But the same has happened too, just a bit earlier this year, right? When Barbie broke the 1 billion and every Hollywood CEO went: "Oh, so the people want movies based on toy franchises! Got it!" To which the internet at large replied: "... How is that the lesson you learned from this?"
Well, let me explain to you, why this is the lesson they learn: It is because the CEOs and the boards of directors at large are not artists or even engaged with the medium they produce. They mostly are economists. And their dry little hearts do not understand stuff more complex than numbers and spread sheets.
That sounds evil, I know, but... It is sadly the truth. When they look at a successful movie/series/game/book/comic, they look at it as a product, not a piece of art or narrative. It is just a product that has very clear metrics.
To them Barbie is not a movie with interesting stylistic choices that stand out from the majority of high budget action blockbusters. It is a toy movie with mildly feminist themes.
Or Oppenheimer is not a movie to them with a strong visual language and good acting direction. No, it is a historical blockbuster.
And this is true for basically every form of media. I mean, books are actually a fairly good example. In my life I do remember the big book fads that happened. When Harry Potter was a success, there was at least a dozen other "magical school" book series being released. When Twilight was a big success there was suddenly an endless number of "teen girl falls in love with bad boy, who is [magical creature]" YA. When the Hunger Games was a success, there were hundreds of "YA dystopia" books. Meanwhile in adult reading, we had the big "next Game of Throne" fad.
Of course, the irony is, that within each of those fads there might have been one or two somewhat successful series - but never even one that came even close to whatever started the fad.

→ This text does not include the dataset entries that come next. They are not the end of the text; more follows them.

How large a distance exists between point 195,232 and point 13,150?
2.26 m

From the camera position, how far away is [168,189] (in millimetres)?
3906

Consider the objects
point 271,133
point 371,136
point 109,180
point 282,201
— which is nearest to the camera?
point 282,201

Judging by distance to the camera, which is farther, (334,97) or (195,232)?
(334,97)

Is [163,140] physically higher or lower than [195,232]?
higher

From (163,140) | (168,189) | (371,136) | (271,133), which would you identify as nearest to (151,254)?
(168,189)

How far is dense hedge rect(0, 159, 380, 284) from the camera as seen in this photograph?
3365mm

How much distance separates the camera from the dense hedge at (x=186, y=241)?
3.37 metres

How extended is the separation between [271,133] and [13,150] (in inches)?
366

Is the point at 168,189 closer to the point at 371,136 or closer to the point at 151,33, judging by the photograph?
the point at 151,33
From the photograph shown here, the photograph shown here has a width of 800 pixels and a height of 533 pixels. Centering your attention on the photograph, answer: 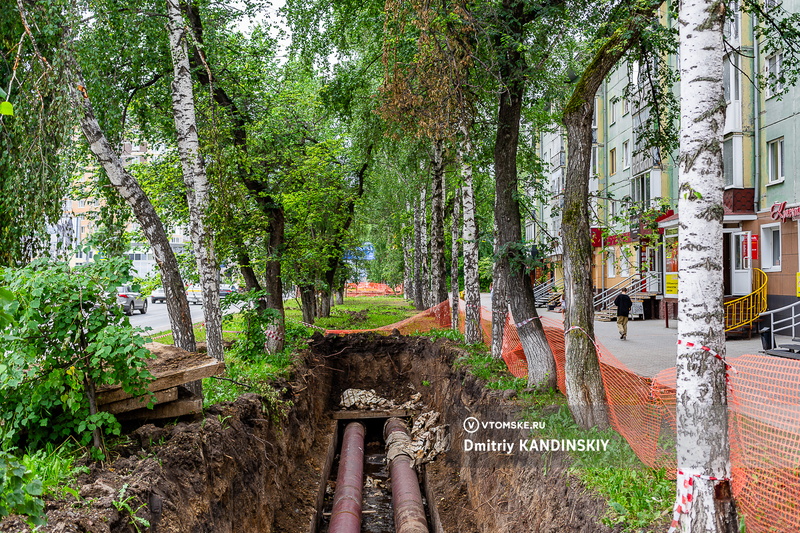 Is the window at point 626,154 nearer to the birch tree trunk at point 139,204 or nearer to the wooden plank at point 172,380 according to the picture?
the birch tree trunk at point 139,204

Or with movies, we have seen it, too. When Avengers broke the 1 billion (which up to this point only few movies did) the studios went: "Ooooooh, so we need shared universe film series" - and then all went to try and fail to create their own cinematic universe.
Because the people, who call the shots, are just immensely desinterested in the thing they are selling. They do not really care about the content. All they care about is having a supposedly easy avenue of selling it. Just as they do not care about the consumer. All they care about is that the consumer buys it. Why he buys it... Well, they do not care. They could not care less, in fact.
So, yeah, get ready for a 20 overproduced games with a bloated 100+ hours of empty gameplay, but without the engaging characters. And for like at least 15 more moves based on some toy franchise, that nobody actually cares about.
And then get ready for all the CEOs to do the surprised Pikachu face, when all of that ends up not financially successful.
Really, I read some interviews yesterday from some AAA-studio CEOs and their blatant shock and missing understanding on why BG3 works for so many people.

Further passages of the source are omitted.